Elections in Kirkuk: The Kurdish Fight for the Arab Vote
KIRKUK, Kurdistan Region—In the run up to this month’s parliamentary and provincial elections, Kurdish parties in Kirkuk are reaching out to the city’s Arab and Turkmen population, recruiting them as candidates and printing multilingual campaign posters.
Aso Mamand, head of the local bureau of the Patriotic Union of Kurdistan (PUK) believes that his list has already won the trust of all ethnic groups through public services.
“The leader of the PUK list will win many votes from the Arab, Turkmen, and the Assyrian-Chaldean groups of Kirkuk due to the social services he brought to their neighborhoods,” Mamand told Rudaw.
Najmaldin Karim, the current governor of Kirkuk and senior PUK member is the head of his parties list for the provincial elections.
Observers believe that Kurdish parties are targeting Kirkuk’s ethnic groups because they failed to form a united list of their own.
The Kurdistan Democratic Party (KDP) and the PUK are the two major parties in Kirkuk.

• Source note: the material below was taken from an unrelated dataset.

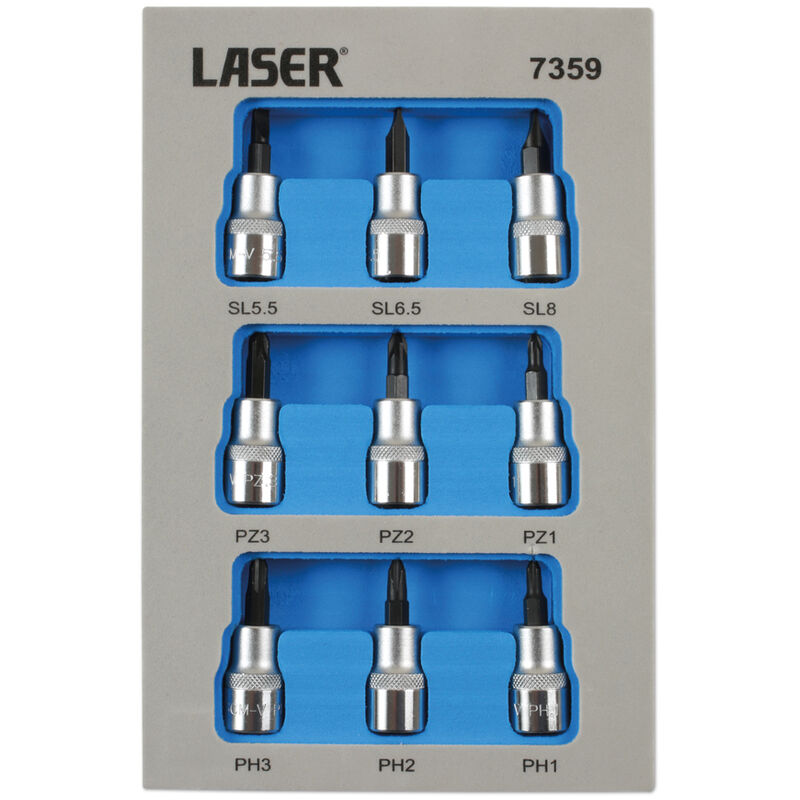 Laser Tools Socket Bit Set 3/8D 9pc 7359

But despite running on a joint list in most previous Iraqi elections, they decided to run separately in the April 30 polls due to political disagreements.
Both parties are now vying for Kirkuk’s more than 841,000 eligible voters.
“Unfortunately we could not create one united Kurdish list of candidates,” says Mamand. “However, we are not going to base our expectations on the results of the 2010 elections and we do expect to win more seats this time around.”
Meanwhile representatives of smaller parties in Kirkuk think that the KDP-PUK split aside, the two parties are likely to lose many voters due to their poor political record in the multiethnic province.
“The PUK and the KDP have bored the people of Kirkuk with their election campaigns,” says Suad Ghazi, the Communist Party candidate for the Iraqi parliament. “They have monopolized six Kurdish seats among themselves and would not allow that number to increase if it is not in their own interest.”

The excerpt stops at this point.